View other articles in this series...

Give them what they want!

I’ll suggest here a relatively simple method that will give you enough flexibility to give the musicians the ideal headphone mix, according to their own criteria, while at the same time giving you, the audio engineer, the possibility to listen to what you need to during the recording.

First, start by setting the tempo of the session in your DAW, according to the song you will be recording. Even if some musicians don’t really like to play to a click, it will nevertheless be helpful later on (during editing, mixdown, etc.). Next, import the music you’ll use as reference. If you followed the recommendations I gave you in the article dedicated to pre-production, you should be able to import the different stems into different tracks named according to their content, obviously. Group these tracks in a track folder so you can hide and reveal them at will during the recording session. As useful as they are, you don’t really need to see them wile you are actually recording.

Now, create an aux bus for every musician recording simultaneously and send all the stems to each of these buses. But be careful! Be sure to set them pre-fader so they are not affected whenever you manipulate the faders of the stem tracks. For the sake of clarity, I recommend you to name each of these aux buses after the corresponding musician.

Headphone mix

Let’s move on now to the routing. The monitoring buses you just created are meant to be listened to only by the corresponding musicians. Consequently, you need to configure each of them so the audio signal feeds only the appropriate outputs on your soundcard. This means you need to take them out of the main bus, which is the one you’ll be using to monitor the signals. If you are lucky enough to have a soundcard that features several headphone outputs, it’s obvious that you should use them. However, if that’s not the case, you will need to use some line outputs other than the main outs, and a headphone preamp to bring the signal to an audible level. For the least fortunate among you, if you happen to have a pair of multimedia speakers with a headphone output, they could do the trick, even though it’s far from ideal.

Last but not least, don’t forget to send the musician’s signal directly towards the physical output assigned to his/her headphone mix, so that he/she can hear him/herself adequately. Most recording soundcards allow that via a proprietary management software, like the fabulous RME Total Mix. Otherwise, your DAW most certainly includes this type of option which you only need to activate in the track you’ll use to record the musician. However, do consider using a small buffer size to minimize the delay induced by the latency of your interface.
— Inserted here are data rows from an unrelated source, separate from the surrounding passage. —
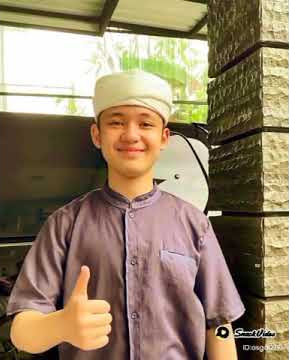 alwi assegaf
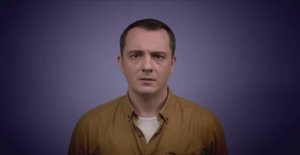Григорий Кокоткин_визитка_агент Светлана Владек 79688081997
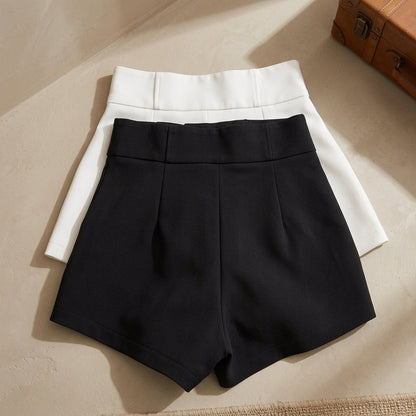 GALA | SHORTS TIRO ALTO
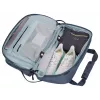 Thule Aion TAWD135 Dark Slate σάκος 35 L πολυεστέρας γκρι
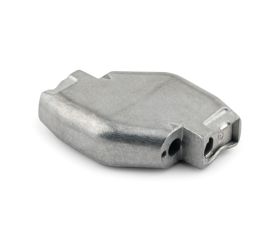 [CP TA-TU] Ø1.4 ÷ Ø2.2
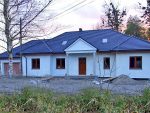 Dom w okolicach Mikołowa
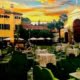 Villa Selmi - Luxury wedding Padova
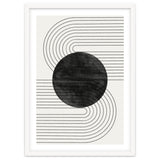 BLACK MOON thumbnail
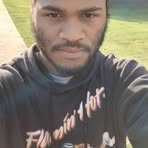 Stephen Tillman - Facebook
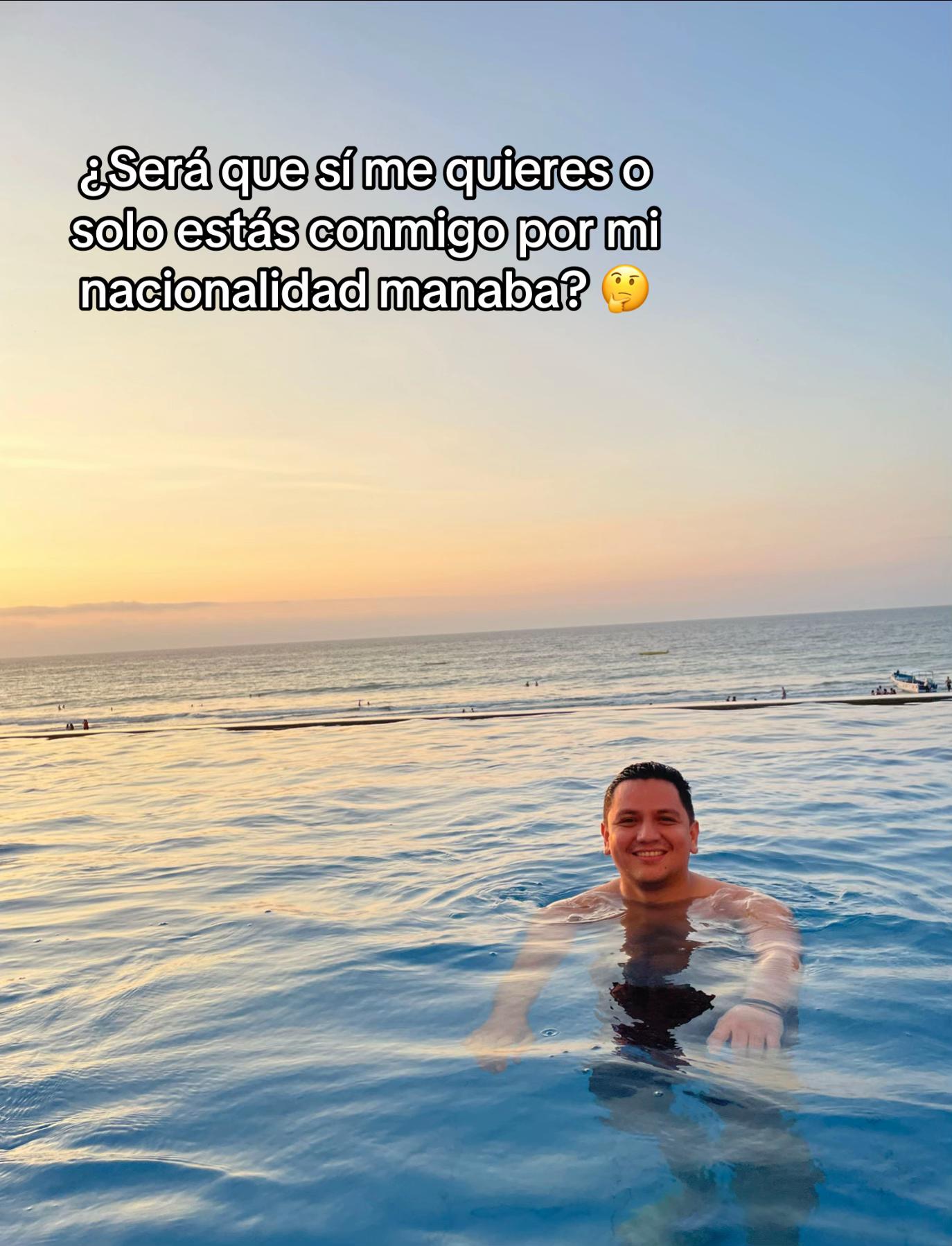 @Danilo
Once you’ve done all this, you will only need to use the aux sends on the stem tracks to create a mix for each musician according to their own needs, while at the same time being able to listen to whatever you want or need to hear on your own headphones, using the faders, solos and mutes of each track.

One last advice before moving on: this setup can be more or less tedious and time-consuming depending on the sequencer you use. That’s why I recommend you to start with the templates provided by your DAW so that every new recording session goes as smoothly as possible.

Talkback

11 Retour

To conclude this article, a couple of remarks on talkback. If you have access to two different rooms at your place, one for your gear (the control room), and one for the actual recording, it might be very interesting to set up a talkback mic. Say what? A talkback is basically a mic that picks up the sounds from the control room to send them to the musicians’ headphones, allowing for a much more fluid communication between both of you during the recording session. Some devices (audio interfaces, headphone preamps, etc) have a built-in microphone with a button to activate/deactivate the talkback. But if that’s not your case, you only need to place a microphone close to you in the control room, connect it to any of your soundcard’s preamps and route the signal so that it’s only audible on the musicians’ headphones, not on the main outputs or you could get some really nasty feedback. Use the mute function of your audio interface’s management software to activate/deactivate the talkback, or that of a dedicated track in your sequencer. To finish, there’s a free plug-in by Sound Radix that allows you to automate the talkback depending on the status of the transport of your DAW: it activates the mic as soon as the DAW stops recording and mutes it when the sequencer is in playback or recording mode. Very practical, isn’t it?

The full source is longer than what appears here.